South America Living

Tips for Traveling Around South America

Planning an adventure in South America? Here are some tips and information on what travel is like on the continent, so that you can be a bit prepared for what you will encounter on the road beforehand.

Map of the Pan American Highway
Surprises can be fun… but when on the road in a foreign country surprises are usually stressful, and often costly. Arm yourself with the information below on transport, food and housing before you hop on the plane!
 

1. Transportation

Busses are how most travelers get around in South America, and in Brazil, Argentina and Chile, very comfortable with reclining sears, movie screens, snacks available or meals served and in-cabin bathrooms.

Venture off into rural Bolivia or Ecuador, and it will be more of a ‘chicken-bus’ style bus, yet very cheap! If you prefer to take driving into your own hands, car rental agencies are in all major cities.

Rentals are sometimes older model used cars – what you see on the road in countries such as Bolivia, Chile or Ecuador – but when in Argentina or Brazil will be newer automobiles, more like you would expect at home.

It is very easy to rent a car in most countries, and low cost. You must have a valid drivers license from your country of origin, or an International Driving Permit – good for one year from the date of purchase. You can get an International Driving Permit online by clicking here.

More information on traveling via automobile is here: Traveling by Caravan in South America.
 

2. Food & Dining Costs

No one wants to travel to a foreign country to then have to sit in their hotel or hostal every evening to eat, simply because they are on a tight budget. Heck, South America is a top destination for budget travelers primarily as there are countries where you can eat and sleep for cheap.
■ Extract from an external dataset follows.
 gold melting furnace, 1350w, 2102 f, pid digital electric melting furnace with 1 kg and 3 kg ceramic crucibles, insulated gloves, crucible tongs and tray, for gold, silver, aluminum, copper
How? Easy. If on an extended trip (not just a week or two) then definitely stay at an apart-hotel or hostal with a kitchen to cook some meals in. Hostals are great for this, as usually it is a social affair and you get to meet other travelers from around the world.

But if on a short trip to see some highlights then it is back home and back to the office… one tip is to have your main meal at lunch time, and enjoy a filling menu del dia (lunch of the day), preferably near a tourist attraction you are going to hit up after.

Available throughout the continent, it will be a bit more in Argentina and of higher quality, but dirt cheap in the ‘economical countries’ Ecuador, Bolivia and Peru.

At night, stroll around wherever is of interest and have a lite meal instead of the 4 star pricey version at an upscale restaurant. Save that for one special night, in a special place at a restaurant recommended by other travelers.

More tips on how to save costs on food is in this article, that has a focus on South America: Saving Costs on Food and Eating Out While Traveling.

 
3. Housing & Hotels

You know the answer to this one: hostels. Hostels are everywhere and an experience in and of themselves. The majority are locally owned, often by families who are keen on getting to know you and learn about where you come from, others more party-style atmosphere marketed to young travelers looking for that kind-of thing.

Apart-hotels – or apartments connected to a hostel, many offer that service and will advertise online – are excellent as of course you can do your own cooking for some meals, but also as it gives you privacy and a space to de-stress if you need to.

If one of your main goals of your trip is to experience living with a local family, then get online at www.couchsurfers.com and find yourself a host. It is a free service, meant to connect travelers with local families or persons who want to let them crash on the couch or in a spare room, and experience the area they live in like a local does.